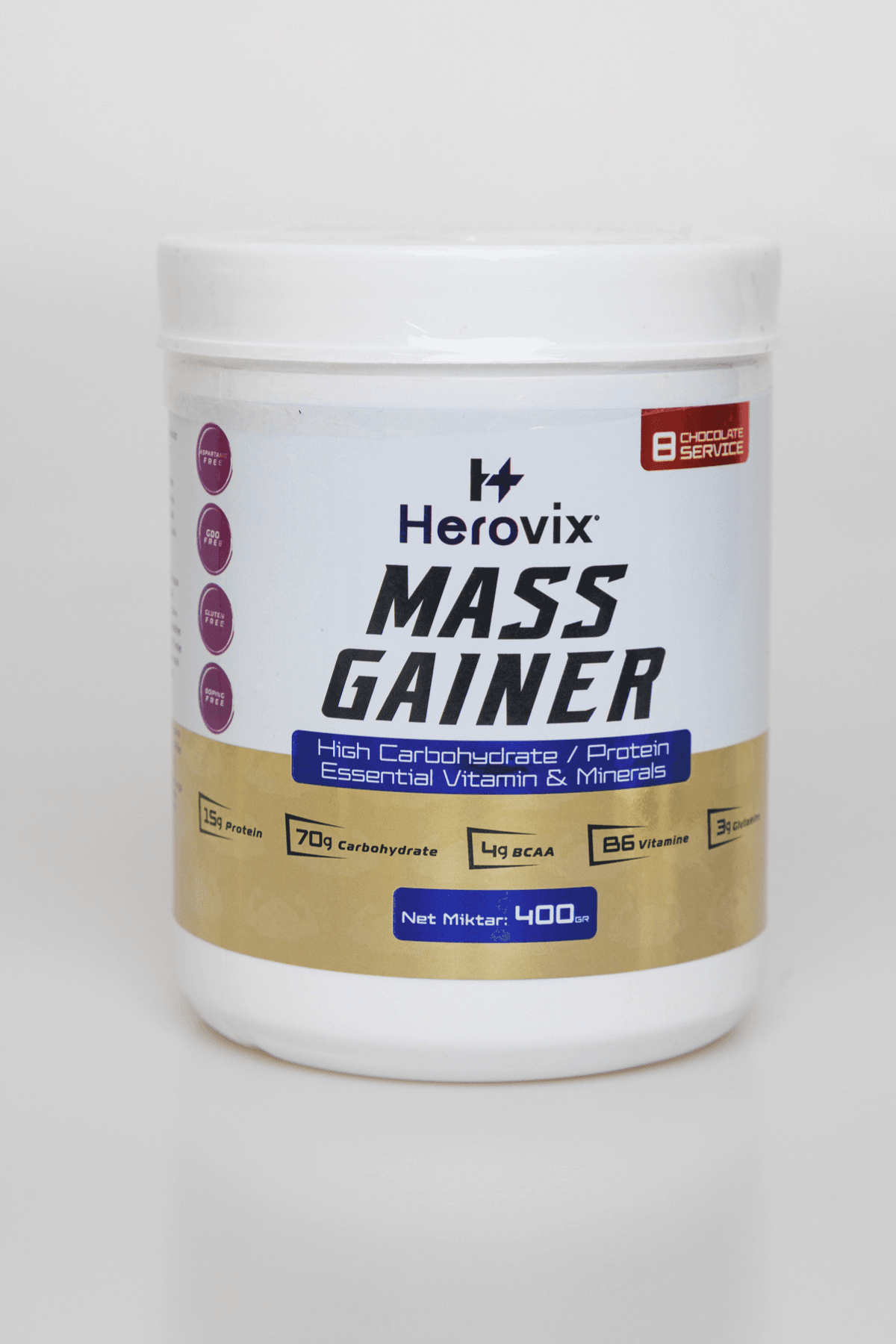 Mass Gainer 400 gr Çikolata Aromalı – Yüksek Karbonhidrat & Protein – BCAA ve B6 Vitaminli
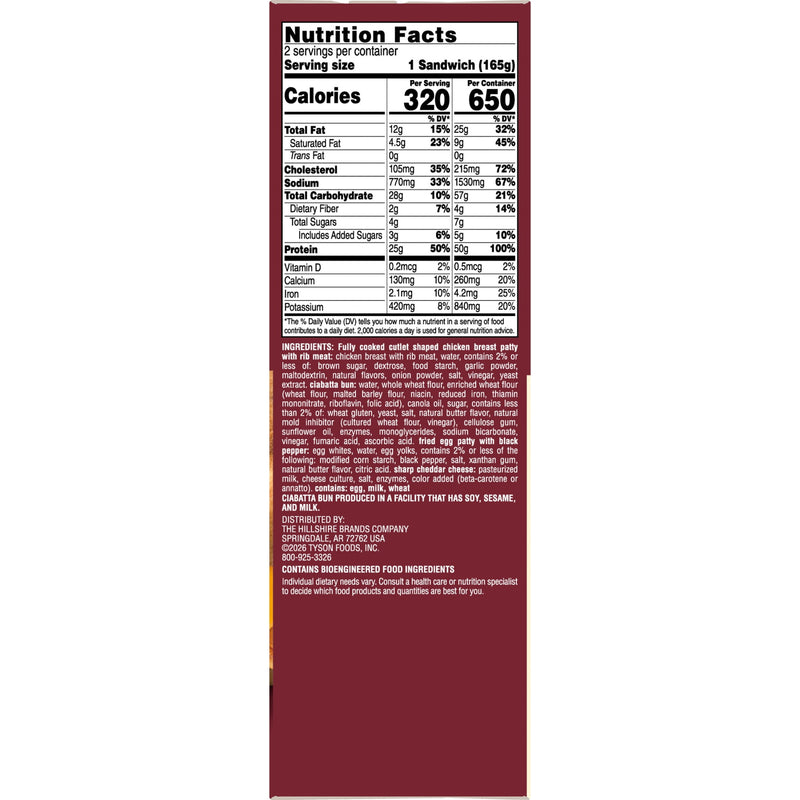 Jimmy Dean Frozen Protein Breakfast Sandwiches, Chicken, Egg, Cheese Ciabatta, 11.7 oz, 2 Count — photo 2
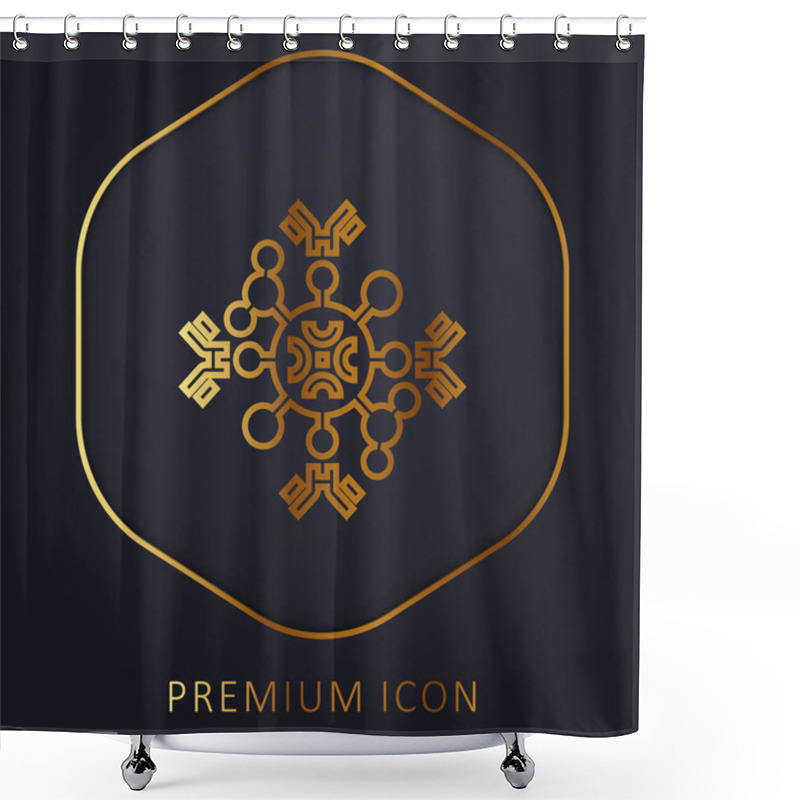 Personality  Antibodies Golden Line Premium Logo Or Icon Shower Curtains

- _Work order_
Restate the material above word for word; pictures do not belong in the copy.

- _Problem solution_
 Mass Gainer 400 gr Çikolata Aromalı – Yüksek Karbonhidrat & Protein – BCAA ve B6 Vitaminli
 Jimmy Dean Frozen Protein Breakfast Sandwiches, Chicken, Egg, Cheese Ciabatta, 11.7 oz, 2 Count — photo 2
 Personality  Antibodies Golden Line Premium Logo Or Icon Shower Curtains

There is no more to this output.